### Brief:
For this task, output exactly the lines of the material below starting at the line with "It distinguishes itself" and ending at the line with "This next one"; pictures are to be excluded.

### Records for the task:

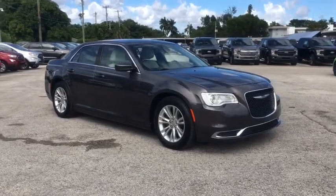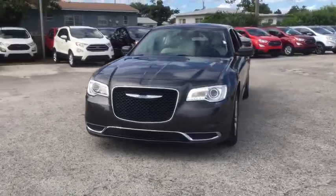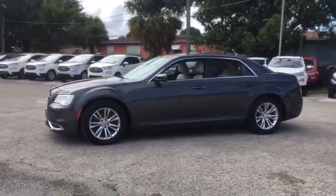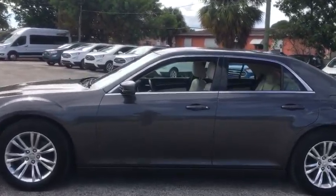Stop by and take a look at the 2018 Chrysler 300. The Chrysler 300 combines sport and luxury in one unique and powerful package. If you're looking for elegance and performance, the 300 delivers.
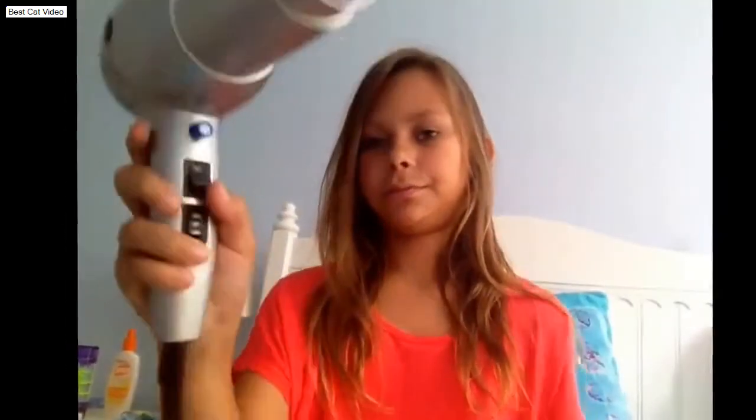Let me talk about heat protection. I use this Revlon hair dryer — here are the little knobs on it. Heat is really bad for your hair, so you should always keep it on warm. It doesn't matter if it's on high or low speed — if you want to dry quickly, use high — but you should always keep the heat setting on warm so you don't overheat your hair.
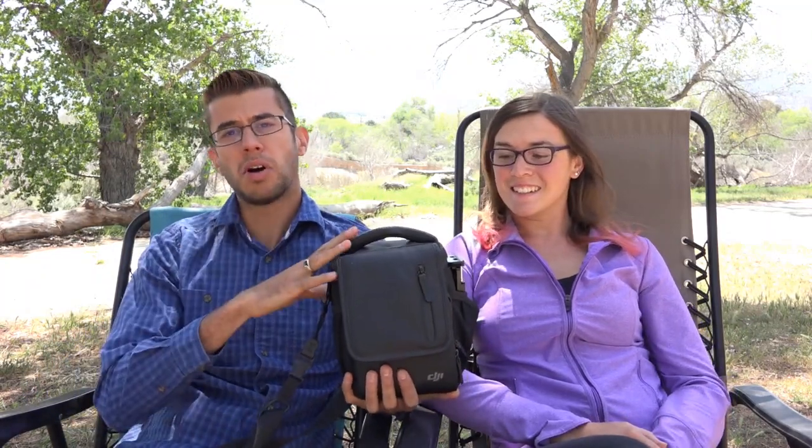Another camera a lot of people consider when traveling is a drone or aerial camera. This is something we actually upgraded recently — we used to fly the Phantom 3 drone and just upgraded to the Mavic, primarily because of the portability. It's so small and easy to take with you. We do quite a bit of flying just to get a sense of an area and get some really nice establishing shots of where we've been.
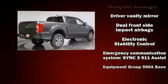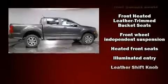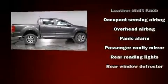It distinguishes itself from the competition with features such as one-touch window functionality, adjustable headrests in all seating positions, a rear step bumper, and more.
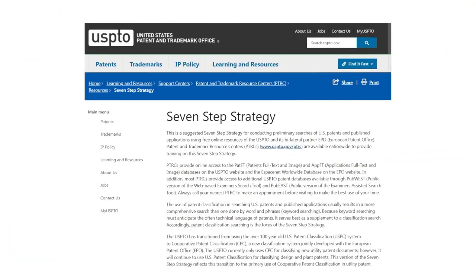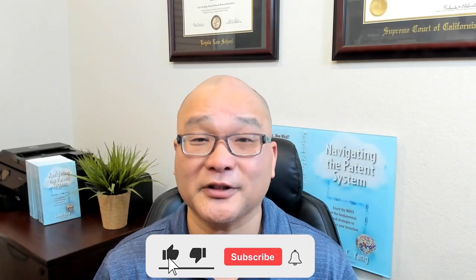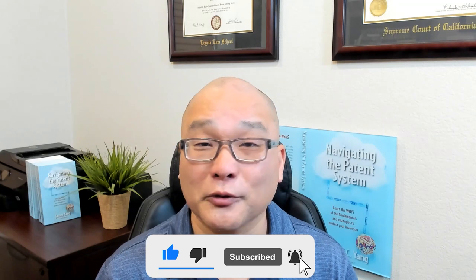If you want to take a deeper dive into a patent search, the Patent Office provides a tutorial on how to do one. They call it the seven-step patent search strategy. If you still don't find anything, you might want to have a patent attorney do one for you to confirm your results.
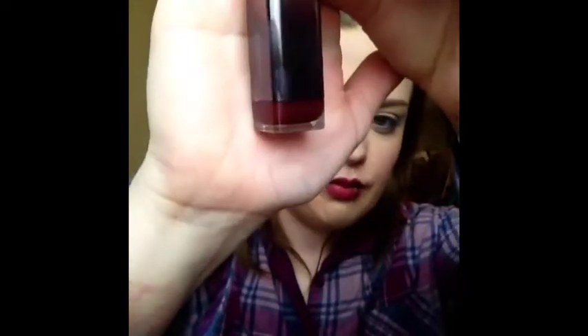This next one is from Covergirl — it is number 340, or Entwined. I actually bought this for a Halloween tutorial thinking it was a much darker shade, thinking it would come off more as a burgundy, but it's more of a mauve purple. I do like this formula of lipstick; I'm just not super fond of this color.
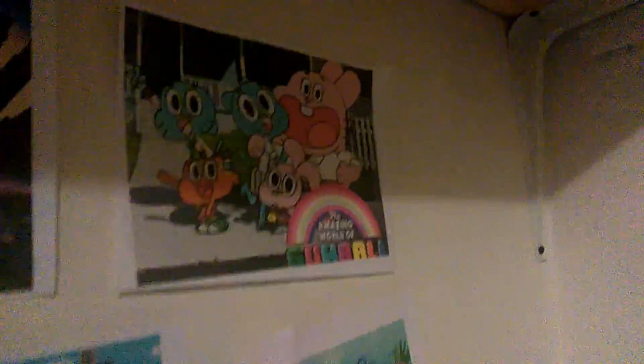South Park. Pet Sematary. South Park Bigger Longer Uncut. SpongeBob. And The Amazing World of Gumball. Yeah, these are some of my favorite things, and I will be adding some more stuff.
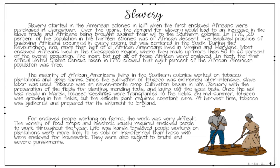Once the soil was ready in March, tobacco seedlings were transported to the fields. By mid-summer, tobacco was growing in the fields, but the delicate plant required constant care. At harvest time, tobacco was gathered and prepared for its shipment to England. For enslaved people working on farms, the work was very difficult. A variety of food crops and livestock usually required enslaved people to work throughout the year. Life was harsh. Enslaved people working on plantations were more likely to be sold or transferred than those enslaved for housework. They were also subject to brutal and severe punishment.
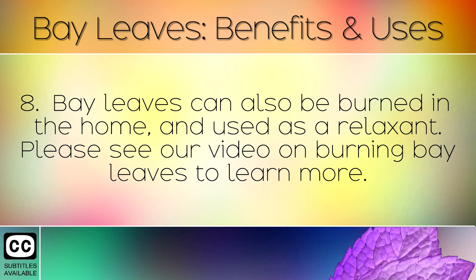Bay leaves can also be burned in the home and used as a relaxant. Please see our video on burning bay leaves to learn more.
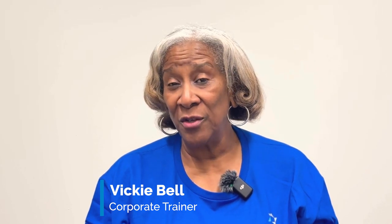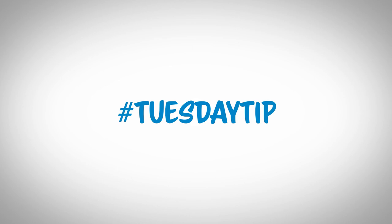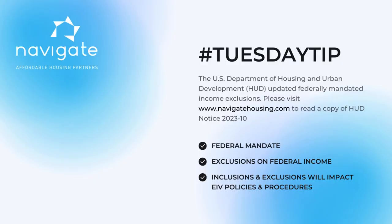Hello and welcome to today's Tuesday tip. Today we're going to talk about a notice that came out in the federal registry on January the 31st — it was the federal mandate on exclusions from income.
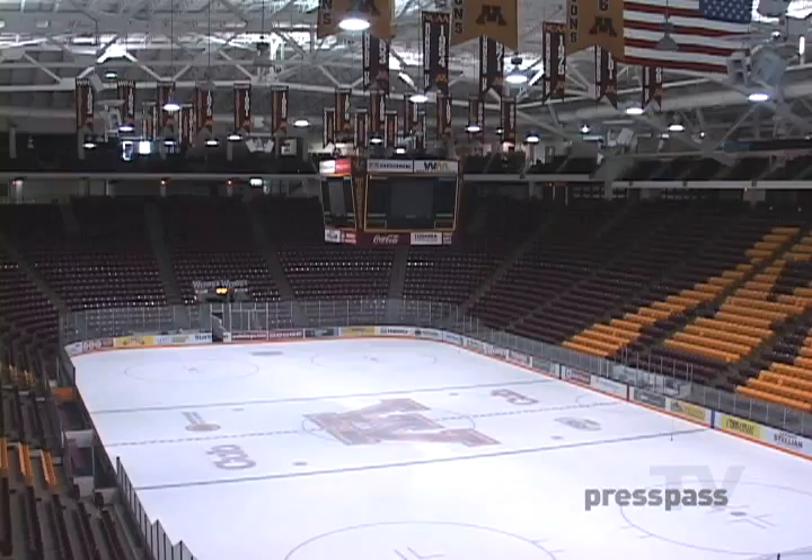I'm Agent Peterson of the Minnesota Vikings and you're watching Press Pass TV. What's going on Press Pass TV? You're here with Darrell Reed, you already know me. And we're here at my alma mater taking a look at probably the biggest sport in the state of Minnesota: hockey.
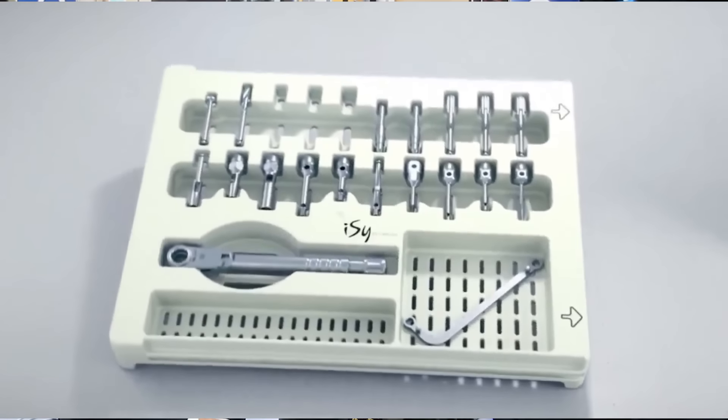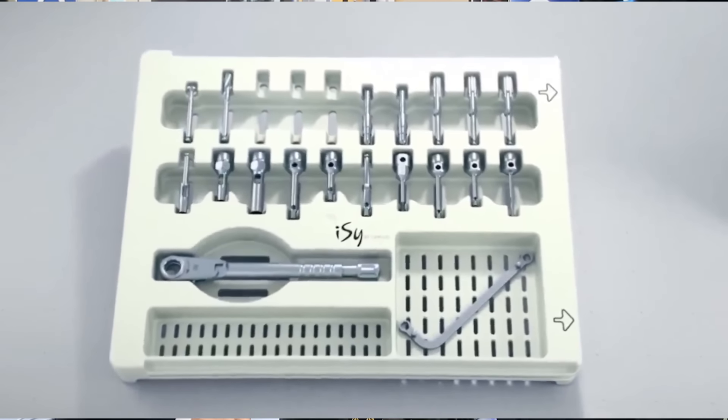I can just give you a quick update. This project has been going on for quite a few years. It is the first implant system that was developed really with the thought of digital technology. We try to make it easy, but it also stands for intelligent system. You need to have some knowledge before you press the buttons. We are very proud to be able to present this implant system, because it really has a new workflow.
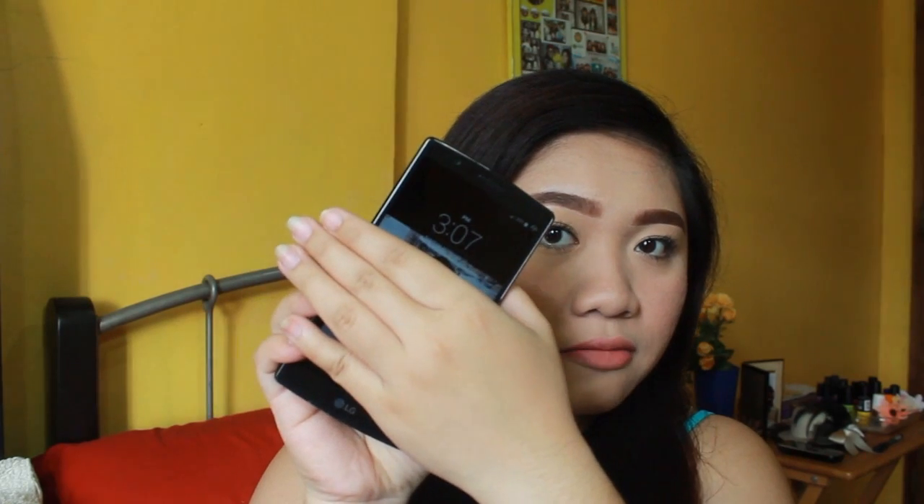Just like any other matte lipstick, if your lips are dry, it will cling to the dry patches on your lips. But right now my lips are moisturized, so it's okay. So now we're going to test this the whole day — for the next few hours, to see how long it lasts on my lips without retouching. It is currently 3:07 in the afternoon, and I'll be back after a few hours to check.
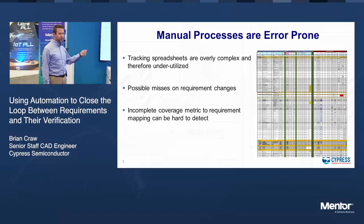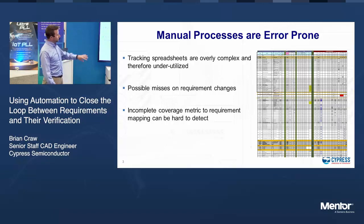It's a big, ugly spreadsheet with requirements, documents, and references. You can see there's fancy color coding, and it gets so big and hard to zoom in and out of — it's just a pain to use. They get overly complex. It's hard to update them, hard to find stuff in them. It's easy to miss requirement changes — are they filtered all the way down to the verification groups? We also have easy-to-get incomplete coverage metrics or requirement mapping.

### Exercise answer:
It distinguishes itself from the competition with features such as one-touch window functionality, adjustable headrests in all seating positions, a rear step bumper, and more.
If you want to take a deeper dive into a patent search, the Patent Office provides a tutorial on how to do one. They call it the seven-step patent search strategy. If you still don't find anything, you might want to have a patent attorney do one for you to confirm your results.
This next one is from Covergirl — it is number 340, or Entwined. I actually bought this for a Halloween tutorial thinking it was a much darker shade, thinking it would come off more as a burgundy, but it's more of a mauve purple. I do like this formula of lipstick; I'm just not super fond of this color.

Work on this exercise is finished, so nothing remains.